Why re-write Genesis?

A common response one gets when talking to Christians about the origins of the Universe and the lack of specificity and accuracy of the Genesis account — is that the complex laws of physics would have been lost on bronze age peoples, so God had to dumb it down so humans could comprehend all that he had done.  In other words, the divine creator had to be vague, and not quite as accurate because the concepts were not there to explain it fully.  This seems to make a lot of intuitive sense to believers, and it is something that enables them to continue believing what they want to believe, so they don’t take that next crucial step that everyone should take when determining whether or not something they believe is true… They don’t try to prove themselves wrong!  And just like a scientist who submits something for peer review without first trying to disprove their ideas, if they don’t do it — someone else will.  By re-writing the Genesis account as I did (and I could have been far more detailed were it not for my time limits), I was able to show that one could give a scientifically accurate portrayal of the evolution of the Cosmos that a bronze age human could understand, while still maintaining certain poetic liberties.  Had the first 18 verses of Genesis been something similar to what I created, we in present day would have to stop and ask, “How in the heck did these bronze age illiterates know about things like fusion and the forging of the elements within stars?”  “How did they know the Earth orbits the Sun, and how did they know it rolls upon the fabric of space like it does?”  Instead of having to answer difficult questions like these, we’re left with undeniable evidence that the Genesis account of creation is just one more in a long line of creation myths.
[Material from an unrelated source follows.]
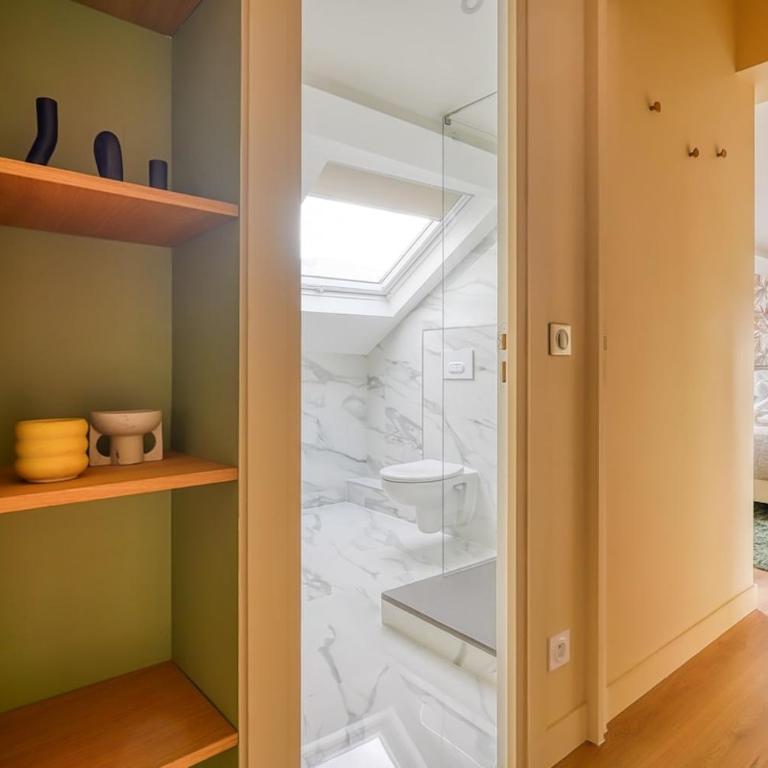 3 bedroom apartment at Commerce Paris 15 with AC for 6 Pers - Appartement 3 Chambres - 23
Now, I fully admit that the Genesis account as currently written could have happened just like the Bible says, and I say as much in the video.  There is no way for me to disprove this, though I don’t think most Christians would be comfortable with what this would tell us about the creator.  If the Genesis account of the Bible is a literal, historical account of the creation of the Universe, then the creator is a deceiver.  He’s a trickster.  He’s a hoaxer.  In order for the Genesis account to be true, it would mean that creator would have had to intentionally alter time and space itself to make it look like things had occurred completely different than they actually had.  In essence,  that God is one who not only tricks people, but tricks people into not believing in him, or in his written text, which plainly goes against the idea in 2 Peter 3:9 that God is “…not willing that any should perish, but that all should come to repentance.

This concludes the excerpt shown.